▶ **What you should do**: The data below calls for an exact copy.

▶ **Data provided**:
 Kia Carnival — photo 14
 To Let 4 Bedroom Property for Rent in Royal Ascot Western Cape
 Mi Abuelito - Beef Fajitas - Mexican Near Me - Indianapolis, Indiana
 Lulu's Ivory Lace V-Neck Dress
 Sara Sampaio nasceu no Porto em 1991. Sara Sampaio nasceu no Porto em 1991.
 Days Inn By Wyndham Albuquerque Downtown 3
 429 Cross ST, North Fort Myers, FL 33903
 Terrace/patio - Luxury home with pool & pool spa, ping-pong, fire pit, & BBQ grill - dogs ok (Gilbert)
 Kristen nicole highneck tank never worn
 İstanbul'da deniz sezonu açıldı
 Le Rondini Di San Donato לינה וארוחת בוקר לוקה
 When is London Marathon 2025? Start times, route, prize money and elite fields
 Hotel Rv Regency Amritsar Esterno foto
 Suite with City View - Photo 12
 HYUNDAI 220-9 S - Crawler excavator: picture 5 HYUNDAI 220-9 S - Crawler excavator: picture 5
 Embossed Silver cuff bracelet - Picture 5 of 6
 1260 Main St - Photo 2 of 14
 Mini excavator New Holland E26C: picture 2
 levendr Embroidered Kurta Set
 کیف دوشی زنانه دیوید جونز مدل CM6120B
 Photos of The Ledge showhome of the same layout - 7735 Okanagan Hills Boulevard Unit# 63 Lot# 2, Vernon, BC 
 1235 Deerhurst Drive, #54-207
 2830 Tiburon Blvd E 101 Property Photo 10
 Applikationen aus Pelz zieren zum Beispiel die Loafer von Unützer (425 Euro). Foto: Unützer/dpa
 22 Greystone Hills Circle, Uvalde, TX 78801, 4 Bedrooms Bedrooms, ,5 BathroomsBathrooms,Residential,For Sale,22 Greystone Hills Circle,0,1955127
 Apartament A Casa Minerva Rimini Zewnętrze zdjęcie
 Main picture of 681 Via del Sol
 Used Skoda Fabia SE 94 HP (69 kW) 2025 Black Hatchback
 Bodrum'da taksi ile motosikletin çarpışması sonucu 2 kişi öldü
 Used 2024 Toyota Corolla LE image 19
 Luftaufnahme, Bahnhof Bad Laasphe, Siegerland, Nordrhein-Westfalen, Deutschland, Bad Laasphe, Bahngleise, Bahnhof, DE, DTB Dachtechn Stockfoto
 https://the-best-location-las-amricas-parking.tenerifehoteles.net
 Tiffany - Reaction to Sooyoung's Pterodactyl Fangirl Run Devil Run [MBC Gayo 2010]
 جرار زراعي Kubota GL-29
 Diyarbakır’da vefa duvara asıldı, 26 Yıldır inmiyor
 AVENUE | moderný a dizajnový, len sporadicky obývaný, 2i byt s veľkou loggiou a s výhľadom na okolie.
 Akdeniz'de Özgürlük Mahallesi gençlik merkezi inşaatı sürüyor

▶ **Response below**:
 Kia Carnival — photo 14
 To Let 4 Bedroom Property for Rent in Royal Ascot Western Cape
 Mi Abuelito - Beef Fajitas - Mexican Near Me - Indianapolis, Indiana
 Lulu's Ivory Lace V-Neck Dress
 Sara Sampaio nasceu no Porto em 1991. Sara Sampaio nasceu no Porto em 1991.
 Days Inn By Wyndham Albuquerque Downtown 3
 429 Cross ST, North Fort Myers, FL 33903
 Terrace/patio - Luxury home with pool & pool spa, ping-pong, fire pit, & BBQ grill - dogs ok (Gilbert)
 Kristen nicole highneck tank never worn
 İstanbul'da deniz sezonu açıldı
 Le Rondini Di San Donato לינה וארוחת בוקר לוקה
 When is London Marathon 2025? Start times, route, prize money and elite fields
 Hotel Rv Regency Amritsar Esterno foto
 Suite with City View - Photo 12
 HYUNDAI 220-9 S - Crawler excavator: picture 5 HYUNDAI 220-9 S - Crawler excavator: picture 5
 Embossed Silver cuff bracelet - Picture 5 of 6
 1260 Main St - Photo 2 of 14
 Mini excavator New Holland E26C: picture 2
 levendr Embroidered Kurta Set
 کیف دوشی زنانه دیوید جونز مدل CM6120B
 Photos of The Ledge showhome of the same layout - 7735 Okanagan Hills Boulevard Unit# 63 Lot# 2, Vernon, BC 
 1235 Deerhurst Drive, #54-207
 2830 Tiburon Blvd E 101 Property Photo 10
 Applikationen aus Pelz zieren zum Beispiel die Loafer von Unützer (425 Euro). Foto: Unützer/dpa
 22 Greystone Hills Circle, Uvalde, TX 78801, 4 Bedrooms Bedrooms, ,5 BathroomsBathrooms,Residential,For Sale,22 Greystone Hills Circle,0,1955127
 Apartament A Casa Minerva Rimini Zewnętrze zdjęcie
 Main picture of 681 Via del Sol
 Used Skoda Fabia SE 94 HP (69 kW) 2025 Black Hatchback
 Bodrum'da taksi ile motosikletin çarpışması sonucu 2 kişi öldü
 Used 2024 Toyota Corolla LE image 19
 Luftaufnahme, Bahnhof Bad Laasphe, Siegerland, Nordrhein-Westfalen, Deutschland, Bad Laasphe, Bahngleise, Bahnhof, DE, DTB Dachtechn Stockfoto
 https://the-best-location-las-amricas-parking.tenerifehoteles.net
 Tiffany - Reaction to Sooyoung's Pterodactyl Fangirl Run Devil Run [MBC Gayo 2010]
 جرار زراعي Kubota GL-29
 Diyarbakır’da vefa duvara asıldı, 26 Yıldır inmiyor
 AVENUE | moderný a dizajnový, len sporadicky obývaný, 2i byt s veľkou loggiou a s výhľadom na okolie.
 Akdeniz'de Özgürlük Mahallesi gençlik merkezi inşaatı sürüyor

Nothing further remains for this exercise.